SECTION C. COMPENSATION AND BONDING.
The compensation, if any, of all officers of the corporation shall be fixed by the Board of
Directors by resolution adopted by a majority of the Directors. The Treasurer shall be required to post bond or surety for the faithful performance of duties of Treasurer. Other officers may be required to post bond or surety if required by the Board of Directors.

SECTION D. DUTIES & POWERS.
1. President.

[a]. Duties: The President shall convene and preside at all meetings of the Board of Directors, and the Executive Committee, and shall act as Chairperson of each meeting. It shall be the President's duty to see that these By-Laws are observed and that all orders and resolutions of the Board are carried into effect. The President, with the approval of the Board, may appoint persons to committees not otherwise provided for in these By-Laws.

[b] Powers: The President shall have appointment power under this provision when necessary to maintain a semblance of balance and adequate representation on the Board of Directors. Specifically, in order to assure that there are at least two (2) males and two (2) ethnic minorities on the Board of Directors at all times, the President of the WBCA shall have the power to appoint individuals as necessary in order to assure compliance with this provision. After elections each year, the Secretary shall certify to the President the complete official list of Board of Directors. If, after due diligence, the President ascertains that there are not at least two (2) males and two (2) ethnic minorities on the Board of Directors, then the President shall have the power to appoint the necessary number of individuals to assure representation.

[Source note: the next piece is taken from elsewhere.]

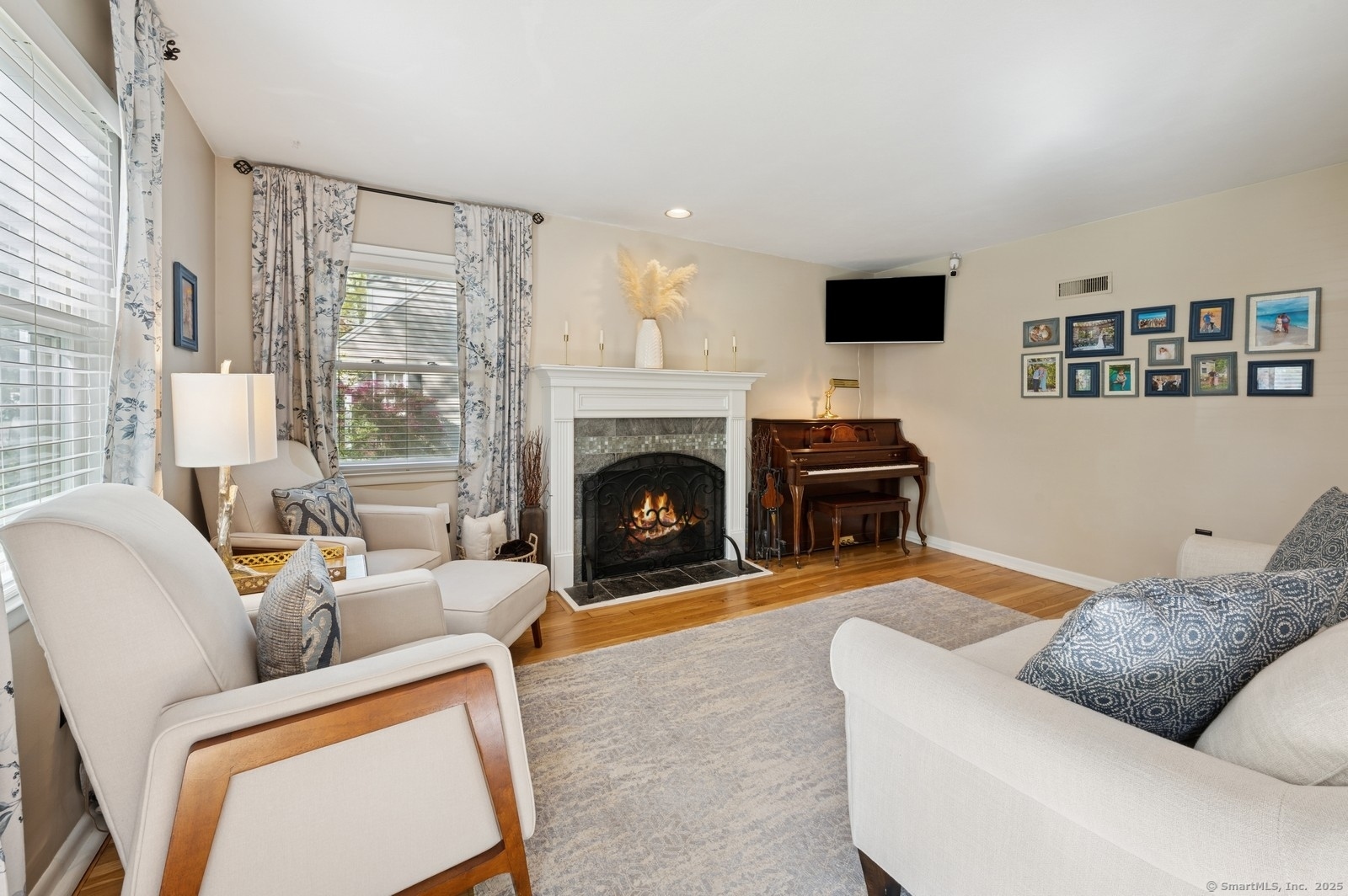 165 Woodbury, Stamford, Connecticut 06907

In addition, the President shall have the power with the approval of the Executive Committee, to expand the board with an Active A or Active B member if one of those might make a special contribution. (Approved May 2003).

The Term of office of the individuals appointed under this provision shall be three (3) years, or two (2) years if necessary to have or maintain a staggered rotational process to remove and replace Board members. The President shall have such other duties as the Board of Directors may prescribe.

2. The Vice-President shall serve in the absence of the President and perform those functions normally performed by the President and such other duties as the Board of Directors may prescribe. The Vice-President shall chair the Nominating Committee.

3. The Past-President shall serve as chair of the Contract & Staff Evaluation Committee. The Past President shall perform such other duties as the Board of Directors may assign from time to time.

4. The Secretary shall attend all meetings of the Board of Directors and of the Executive Committee. It shall be the duty of the Secretary to keep or cause to be kept a record, in a book or other record keeping device to be kept for that purpose, of all the votes of the corporation, the minutes of its transactions and minutes of all meetings of the Board of Directors and of the Executive Committee. The Secretary shall maintain an accurate list of all the members of the corporation and their addresses, and shall be responsible for the custody of all records, contracts and agreements of the corporation. The Secretary shall be responsible for custody of the corporate seal of the corporation and affixing of same to any instrument requiring it. The Secretary may attest to the validity of all corporate documents and to the signatures of other officers, and to the status of other officers in the corporation. The Secretary shall give, or cause to be given, notice of all meetings of the Board of Directors to its members, of the Executive Committee Meeting to its members, and of the annual meeting to the membership, and shall perform such other duties as may be prescribed by these By-Laws, the Board of Directors, or by the President. The Secretary shall, in the absence of or disability of the President and Vice-President, perform the duties and exercise the powers of the President.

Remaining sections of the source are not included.